• Work instruction
Go to the line holding "Полубарный стул BRADEX turin FR 0891" in the data below and repeat it exactly, then each line after it up to and including the one holding "Tyler Fortenberry and". Omit pictures.

• The data
= = =

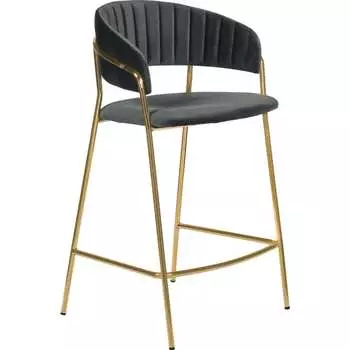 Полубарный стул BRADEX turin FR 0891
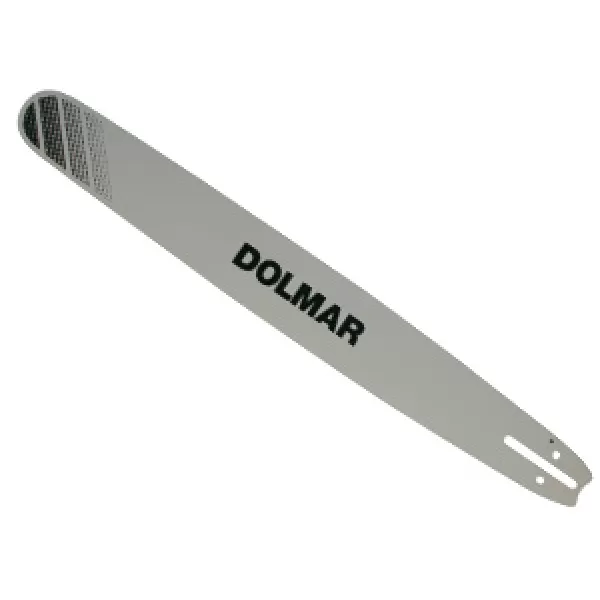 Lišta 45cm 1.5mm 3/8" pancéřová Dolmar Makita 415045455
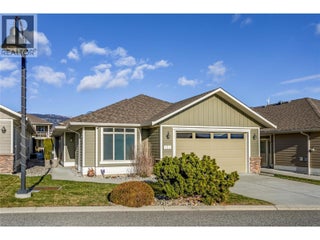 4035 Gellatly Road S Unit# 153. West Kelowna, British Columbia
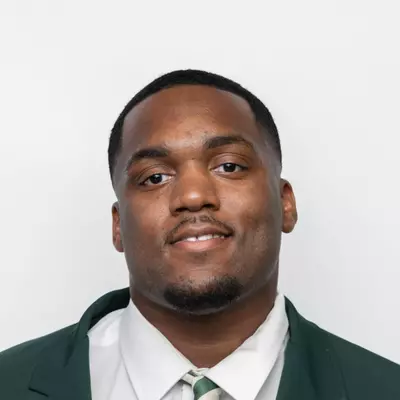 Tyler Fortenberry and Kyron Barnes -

= = =

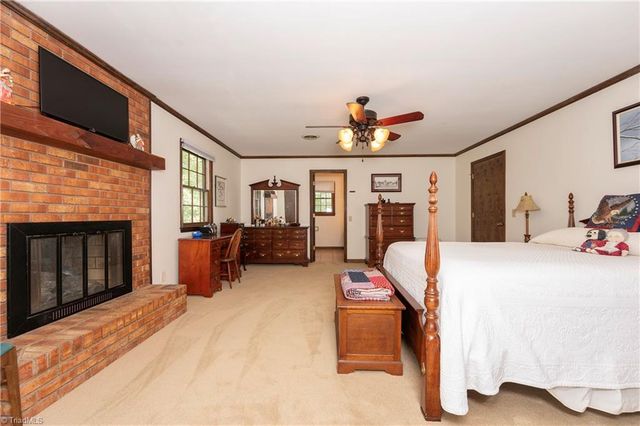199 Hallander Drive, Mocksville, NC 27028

= = =

• The answer
 Полубарный стул BRADEX turin FR 0891
 Lišta 45cm 1.5mm 3/8" pancéřová Dolmar Makita 415045455
 4035 Gellatly Road S Unit# 153. West Kelowna, British Columbia
 Tyler Fortenberry and Kyron Barnes -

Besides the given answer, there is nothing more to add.